Captioned web images

==================================================

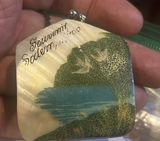 Antique Shell Coin Purse Handpainted In Salem, Massachusetts - thumbnail 1 of 5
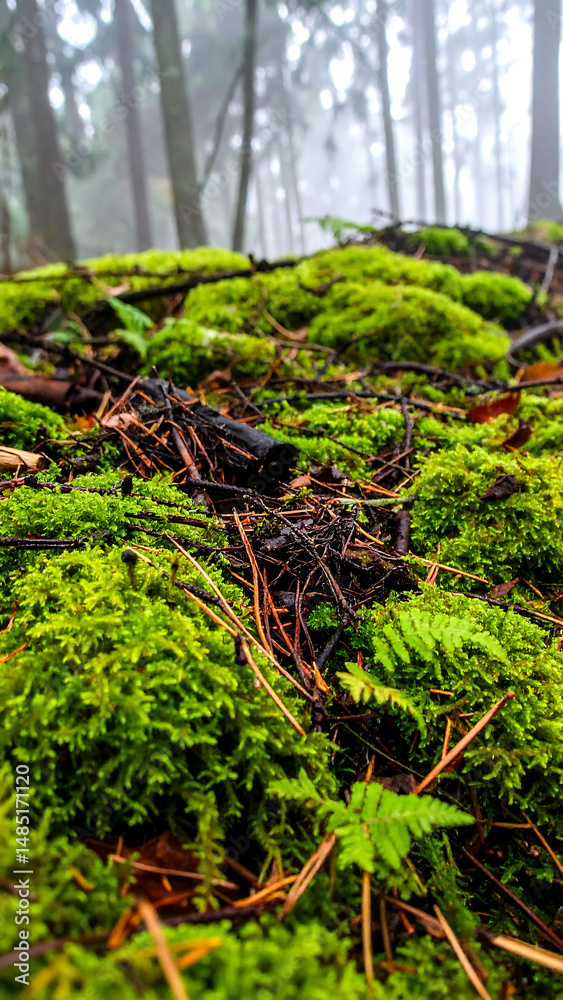Obraz premium Lush green moss covers the forest floor, creating a vibrant and tranquil scene. Ideal for nature, conservation, or wellness themes. Evokes growth and serenity.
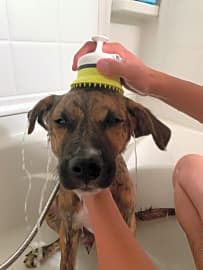 Wondurdog Regular Home Kit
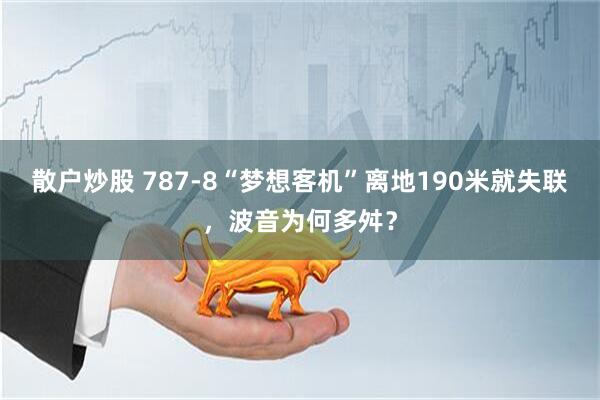 散户炒股 787-8“梦想客机”离地190米就失联，波音为何多舛？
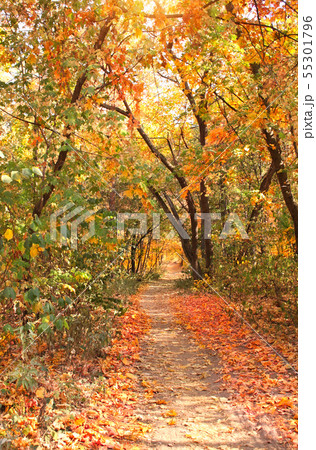 Road in autumn forest Road in autumn forest 55301796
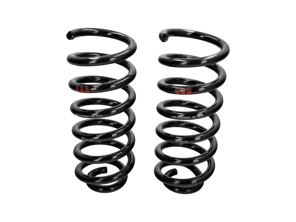 Rear Coil Springs (Pair). Porsche 993 Turbo 1994-96 - 99333353125504, 99333353116504
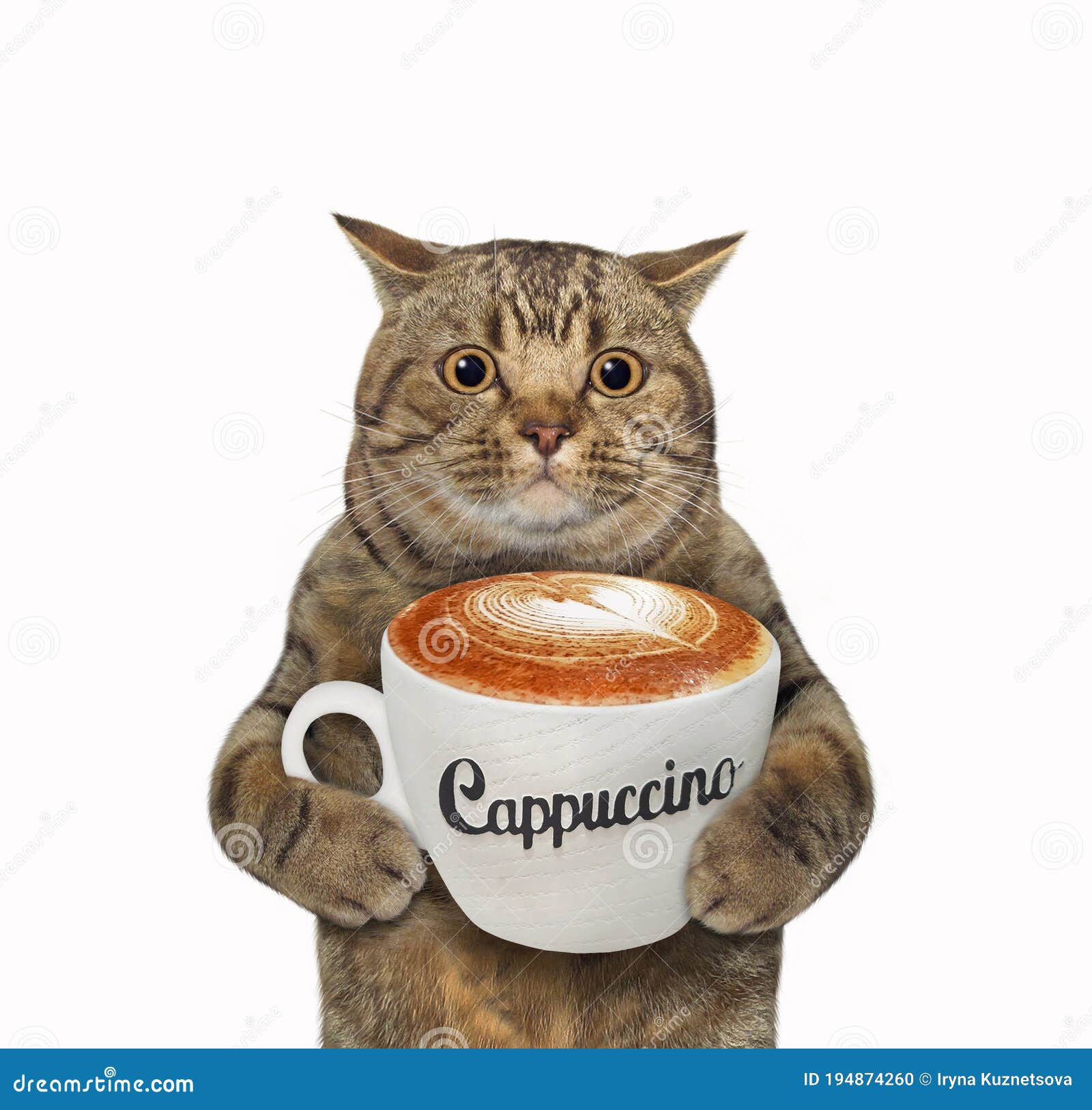 Котик С Кофе Картинки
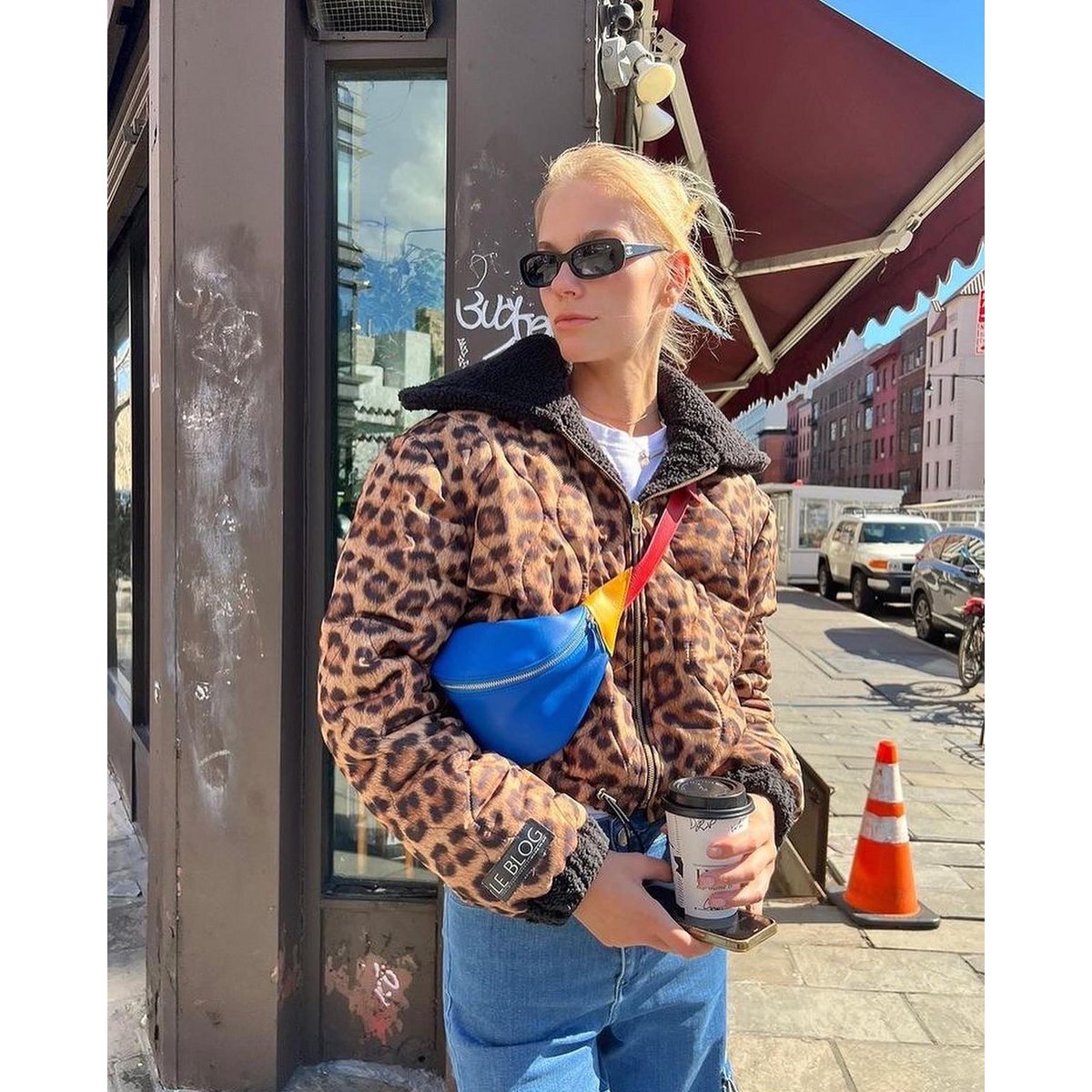 Multicolor Bumbag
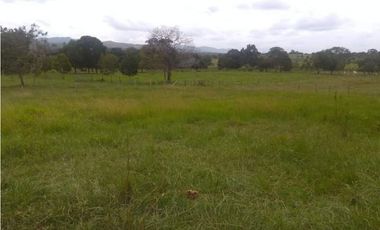 FINCA DE 80.000 HECTAREAS EN VENTA, PUERTO GAITAN META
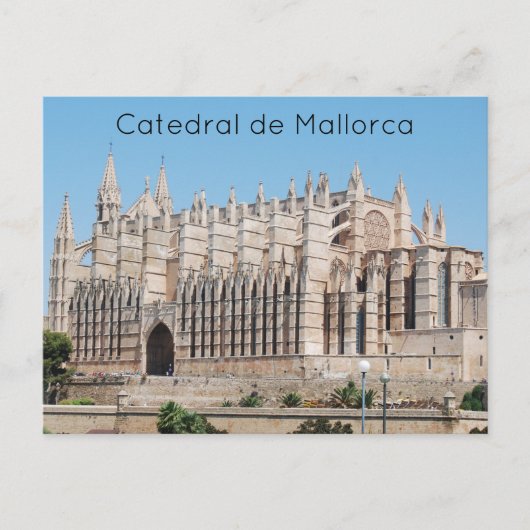 Catedral de Mallorca Postkarte (Vorderseite)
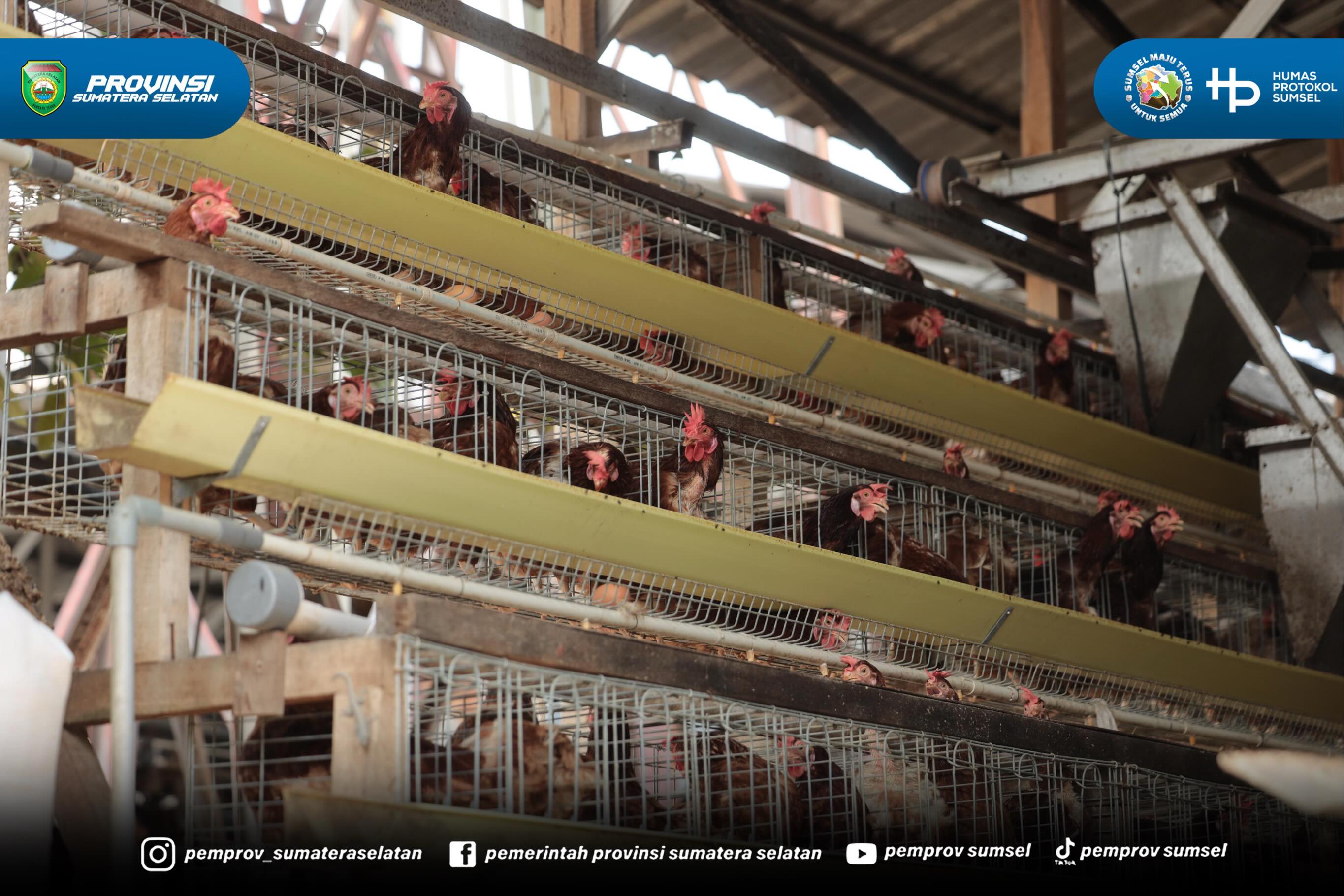 Banyuasin – Gubernur Sumatera Selatan (Sumsel) Dr. H. Herman Deru meninjau San San Farm, peternakan ayam yang berlokasi di Jalan Pangkalan Benteng, Sukomoro, Kabupaten Banyuasin, Selasa (30/6/2026). Kunjungan tersebut merupakan bagian dari rangkai...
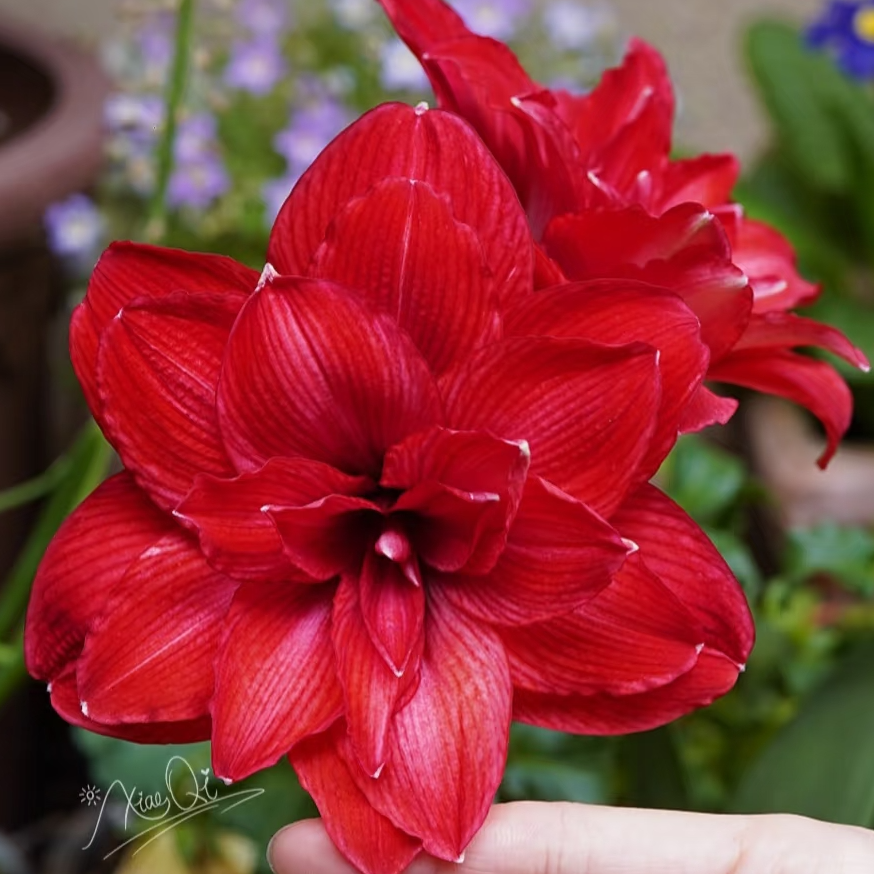 猫姐福利《蒂卡帝国/蒂卡君主》瓣化好，夏花比春花美貌！超爱生侧球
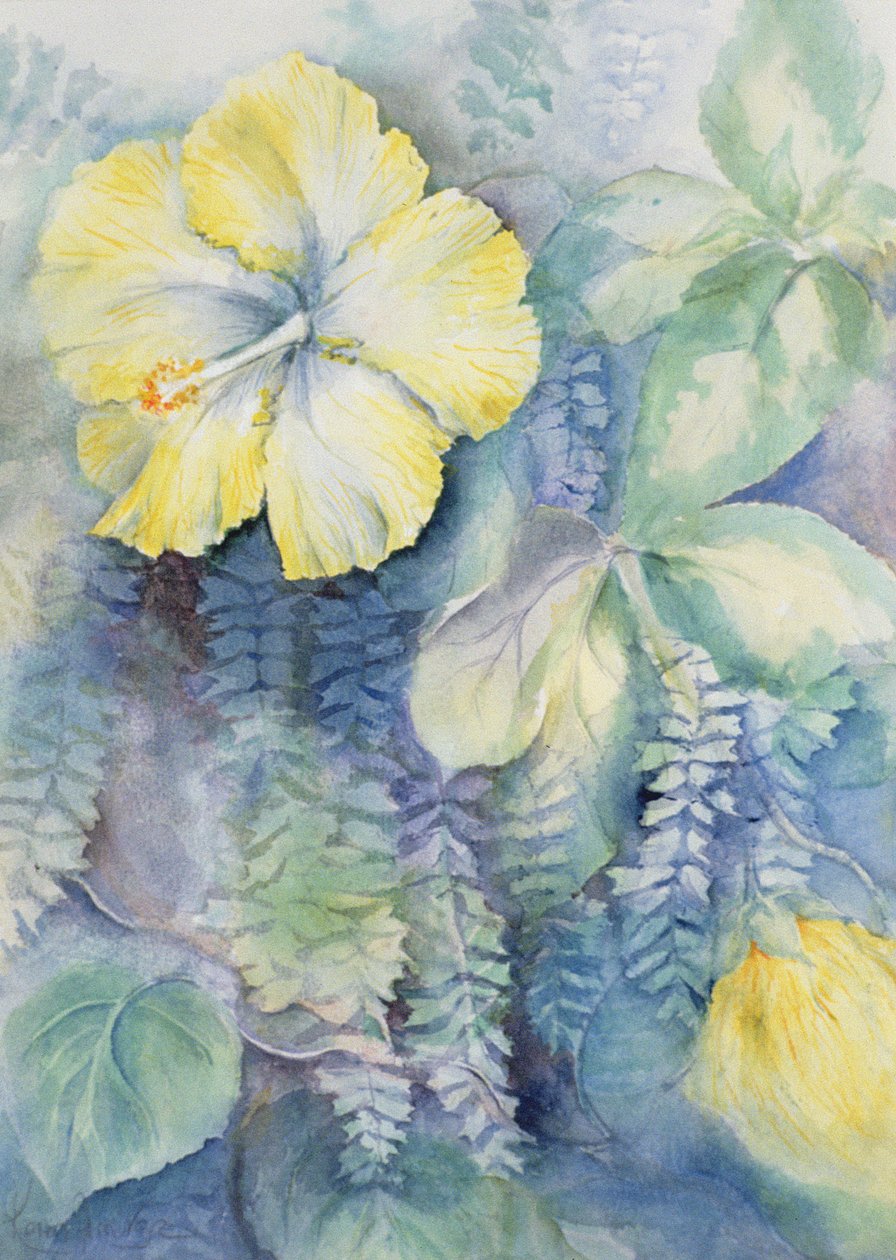 Hibiszkusz, sárga alkotó: Karen Armitage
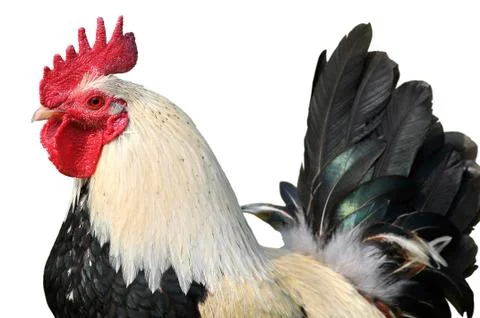 Isolated portrait of rooster Stock Photos
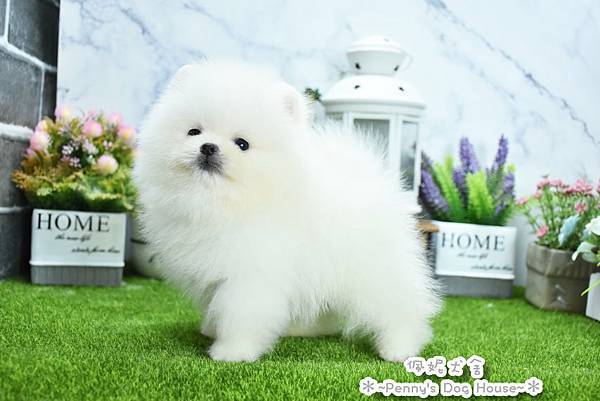 2025/8/8出生的博美幼犬已售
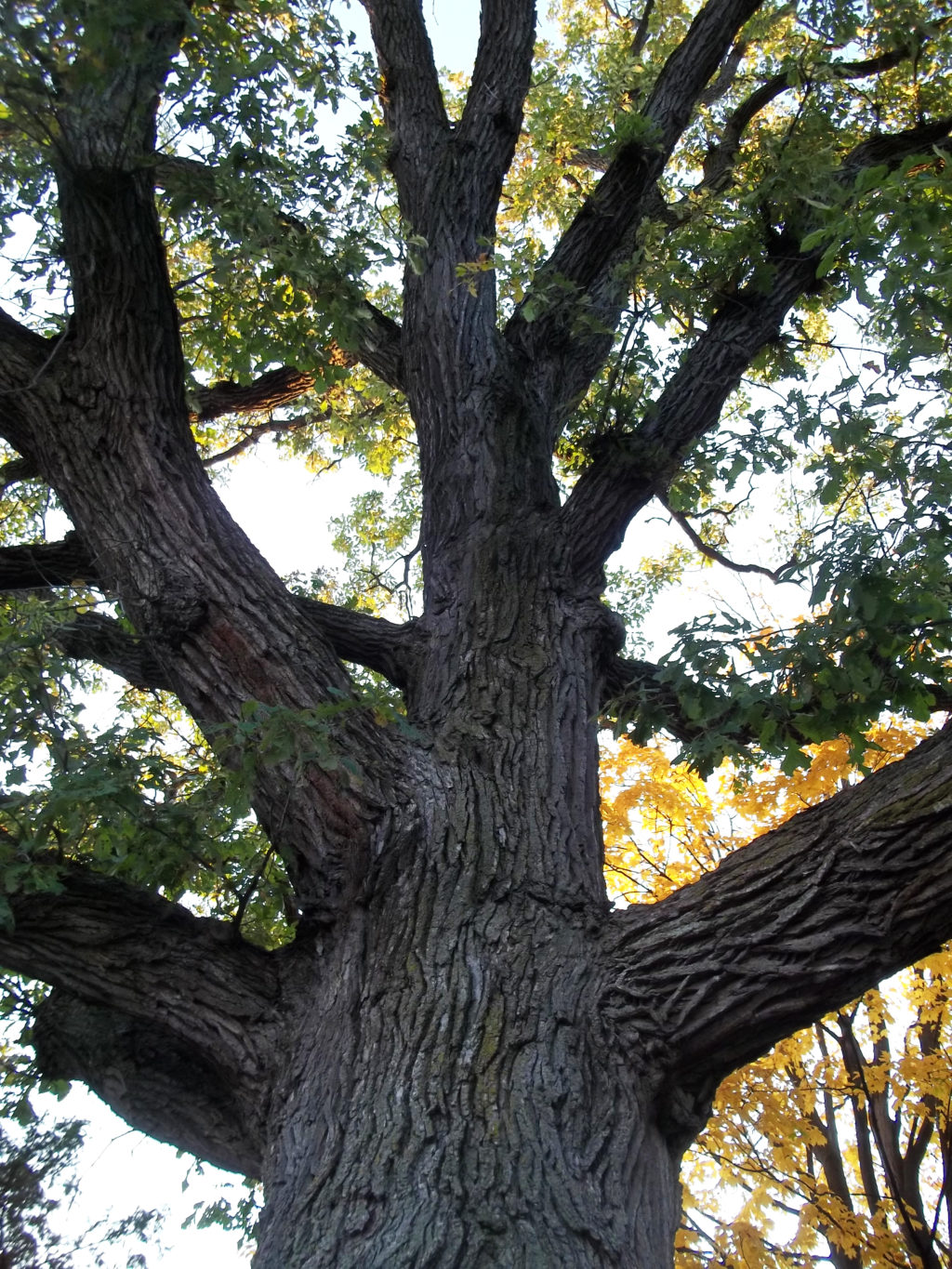 Bur Oak Bark Ontario Native Plant Nursery Container Grown 705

==================================================

About this task: The result should be every entry, word for word, and no pictures.

Solution:
 Antique Shell Coin Purse Handpainted In Salem, Massachusetts - thumbnail 1 of 5
Obraz premium Lush green moss covers the forest floor, creating a vibrant and tranquil scene. Ideal for nature, conservation, or wellness themes. Evokes growth and serenity.
 Wondurdog Regular Home Kit
 散户炒股 787-8“梦想客机”离地190米就失联，波音为何多舛？
 Road in autumn forest Road in autumn forest 55301796
 Rear Coil Springs (Pair). Porsche 993 Turbo 1994-96 - 99333353125504, 99333353116504
 Котик С Кофе Картинки
 Multicolor Bumbag
 FINCA DE 80.000 HECTAREAS EN VENTA, PUERTO GAITAN META
 Catedral de Mallorca Postkarte (Vorderseite)
 Banyuasin – Gubernur Sumatera Selatan (Sumsel) Dr. H. Herman Deru meninjau San San Farm, peternakan ayam yang berlokasi di Jalan Pangkalan Benteng, Sukomoro, Kabupaten Banyuasin, Selasa (30/6/2026). Kunjungan tersebut merupakan bagian dari rangkai...
 猫姐福利《蒂卡帝国/蒂卡君主》瓣化好，夏花比春花美貌！超爱生侧球
 Hibiszkusz, sárga alkotó: Karen Armitage
 Isolated portrait of rooster Stock Photos
 2025/8/8出生的博美幼犬已售
 Bur Oak Bark Ontario Native Plant Nursery Container Grown 705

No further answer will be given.